For point #2, I'm saying that we should take all local stack allocations and make them wider by a factor of VL. Thinking about this as having VL simultaneously-running copies of the function, one per vector lane, each of those gets a separate "lane" of the local stack allocations. In point #5, I sketched how I'd handle parameters (I'm not exactly sure what you mean by common representation, as different kinds of parameters do require different handling (i.e., vector, uniform, scalar)). What is true is that, for unoptimized code, where the function arguments are generally stored in local stack allocations, all of those stores are now just inside the loop with everything else, so nothing special needs to happen. Does that make sense?

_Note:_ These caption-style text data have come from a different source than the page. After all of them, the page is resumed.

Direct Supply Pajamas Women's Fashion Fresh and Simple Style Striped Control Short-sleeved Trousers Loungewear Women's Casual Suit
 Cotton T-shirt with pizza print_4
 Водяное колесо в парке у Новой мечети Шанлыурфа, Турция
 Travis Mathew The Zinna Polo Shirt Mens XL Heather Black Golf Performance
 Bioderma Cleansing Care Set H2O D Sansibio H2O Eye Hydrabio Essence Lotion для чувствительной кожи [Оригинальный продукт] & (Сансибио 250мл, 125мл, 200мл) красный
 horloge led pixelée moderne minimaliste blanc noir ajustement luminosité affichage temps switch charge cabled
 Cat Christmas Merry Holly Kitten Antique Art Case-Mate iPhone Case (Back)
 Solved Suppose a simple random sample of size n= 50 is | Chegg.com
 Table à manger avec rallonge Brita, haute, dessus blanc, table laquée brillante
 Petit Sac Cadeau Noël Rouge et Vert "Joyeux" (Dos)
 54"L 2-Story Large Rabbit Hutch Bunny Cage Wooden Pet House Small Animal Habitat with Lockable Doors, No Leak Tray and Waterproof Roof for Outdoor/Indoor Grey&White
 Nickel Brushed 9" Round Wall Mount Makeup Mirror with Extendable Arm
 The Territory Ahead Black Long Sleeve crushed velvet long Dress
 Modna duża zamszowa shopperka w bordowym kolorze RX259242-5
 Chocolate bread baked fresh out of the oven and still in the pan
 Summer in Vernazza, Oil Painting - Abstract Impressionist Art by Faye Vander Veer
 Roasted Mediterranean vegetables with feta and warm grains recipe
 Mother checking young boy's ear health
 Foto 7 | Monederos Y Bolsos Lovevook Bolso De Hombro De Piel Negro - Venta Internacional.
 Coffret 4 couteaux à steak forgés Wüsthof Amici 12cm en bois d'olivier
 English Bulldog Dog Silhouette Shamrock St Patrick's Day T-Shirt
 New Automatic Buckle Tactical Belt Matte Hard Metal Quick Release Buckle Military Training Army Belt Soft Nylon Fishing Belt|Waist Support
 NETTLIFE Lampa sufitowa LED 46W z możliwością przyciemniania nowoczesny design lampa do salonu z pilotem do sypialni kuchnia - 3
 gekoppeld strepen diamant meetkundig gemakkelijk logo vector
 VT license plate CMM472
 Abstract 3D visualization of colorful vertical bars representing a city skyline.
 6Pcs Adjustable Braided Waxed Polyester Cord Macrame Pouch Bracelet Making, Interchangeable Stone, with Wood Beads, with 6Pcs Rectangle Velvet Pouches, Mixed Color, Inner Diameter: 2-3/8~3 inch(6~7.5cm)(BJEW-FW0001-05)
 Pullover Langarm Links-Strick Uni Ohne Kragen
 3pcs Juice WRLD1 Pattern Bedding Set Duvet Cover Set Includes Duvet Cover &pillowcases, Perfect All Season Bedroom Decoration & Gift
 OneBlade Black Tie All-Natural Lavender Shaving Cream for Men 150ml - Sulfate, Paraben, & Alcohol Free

Ok, after doing some experimentation I believe I understand where you're heading with this. Once I have done some more refactoring I'll post a new version of VecClone for review to make sure we're on the same page.

mmasten added inline comments.Jan 26 2018, 4:09 PM

InstCombine will do it. I also know that EarlyCSE will work.


In all the test cases that I have used to this point, this type of re-wiring has already been done. Granted, I have mainly been testing some very simple multiple return functions, but if you have a test case where this happens it will be helpful. Thanks.

mmasten updated this revision to Diff 131670.Jan 26 2018, 4:27 PM

Extensive update to the VecClone algorithm based on Hal's feedback. VecClone pass is now supported through the new pass manager. Other minor code changes made.

The latest update includes some pretty extensive rework of the VecClone algorithm that Hal suggested. I also added support for VecClone in the new pass manager and since it is my first time doing this, I would welcome any specific comments on whether or not this was done correctly. Please note that I'm still working on fixing existing tests and will be adding new ones, but I wanted to make sure the overall algorithm is headed in the right direction. Thanks all.

Just a gentle reminder to have a look at the latest VecClone algorithm. Thanks, Matt.